All attributes are removed from the return value (see Becker et al, 1988, p.146) except names, which are sorted. (If partial is specified even the names are removed.) Note that this means that the returned value has no class, except for factors and ordered factors (which are treated specially and whose result is transformed back to the original class).

hadley avatar Oct 30 '15 13:10 hadley

Maybe the only attribute that should be systematically preserved is names?
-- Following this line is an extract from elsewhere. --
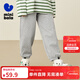 Mini Bala mini parent-child parent-child clothing for boys and girls loose basic sports pants light gray 00205 140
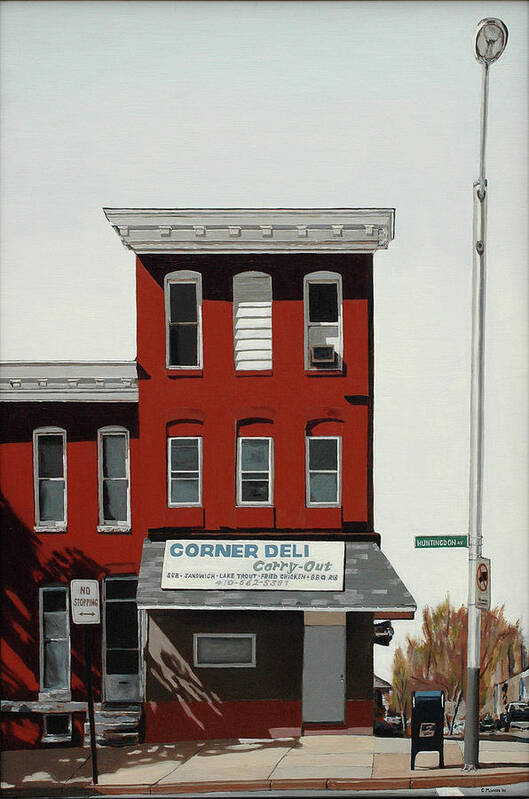 Urban Landscape Art Print featuring the painting Corner Deli by Craig Morris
The trickiest case is *_all(simplify = TRUE) where the names would become row names.

hadley avatar Nov 04 '15 14:11 hadley

Should stri_trim (and friends) preserve matrix's? (like base::trimws)

I recently had this type of use case:

library(readr)
library(stringr)
read_lines(readr_example("mtcars.csv")) %>%
  stringr::str_split_fixed(",", n = 11) %>% #returns a matrix
 #stringr::str_trim()  # returns a vector, not wanted
  base::trimws()  # returns a matrix

t-kalinowski avatar Aug 21 '16 15:08 t-kalinowski

Here is another usecase, where it makes sense to preserve names: https://github.com/Tazinho/snakecase/issues/93

I decided to preserve them within the snakecase package now, but noticed that this is not consistent with stringr::str_to_lower etc. and the underlying stringi functions. So I'd like to suggest this change at least for stringi::stri_trans_tolower(), stringi::stri_trans_totitle(), stringi::stri_trans_toupper().
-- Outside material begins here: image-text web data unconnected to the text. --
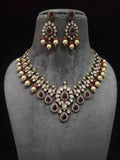Ishhaara Red Age Drop Necklace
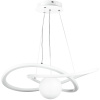 Interlook RLT-50CM-60W-W | | LED závesné svietidlo 60W | Štýlová 3D mesačná lampa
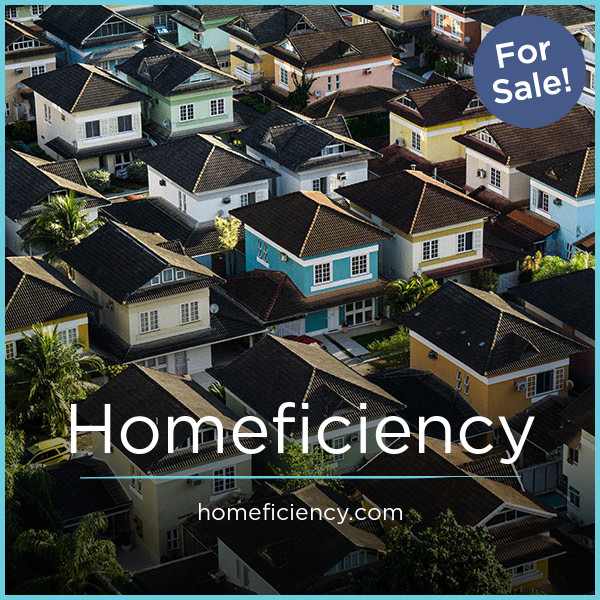Homeficiency.com - Best premium domains for sale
Tazinho avatar Sep 10 '17 11:09 Tazinho

Came here from referred issue above, and agree w @hadley's suggestion to at least preserve names. I hit this when using a named vector as input to labels in a ggplot2 scale, which will match by name if the vector is named. I find this a pretty useful feature in general.

However, when I decided to stringr::str_wrap the labels, it drops the names and fails silently 😭 as scale_* falls back to vector order, matching the wrong labels to the data.
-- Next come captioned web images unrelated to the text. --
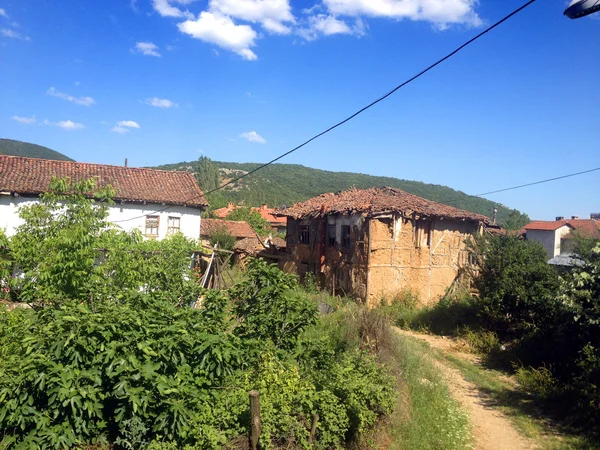 Burcun 木绵，土族村 — 图库照片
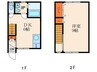Ｓｏｎｅｔ白川 1DKの間取り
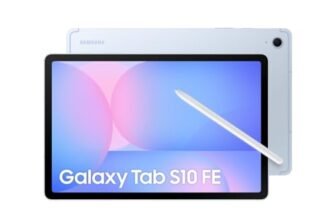 Samsung Galaxy Tab S10 FE, 3 anni di garanzia, Android Tablet, Display 10.9″ LCD, Wifi, RAM 8GB, 128GB, 8.000 mAh, S Pen, Android 15, IP68, Blue [Versione italiana]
econandrew avatar Feb 10 '18 17:02 econandrew

I think the only attributes you need to preserve are names. You could choose to preserve dims, but they are rarely used (and would require more thought). You don't know how to any other attributes relate to the data, so it's best to leave to the class author to handle with S3 dispatch (i.e. fixing for general objects would require stringi functions to become S3 generics, which (IMO) is outside the scope of this issue.

stri_sort() and stri_subset() could use [, but don't. I think that's a reasonable design choice (favouring performance over S3 dispatch), so you could just document that if you want to preserve class/attributes, you should combine stri_order() and stri_detect() with [ yourself.

hadley avatar Aug 28 '18 14:08 hadley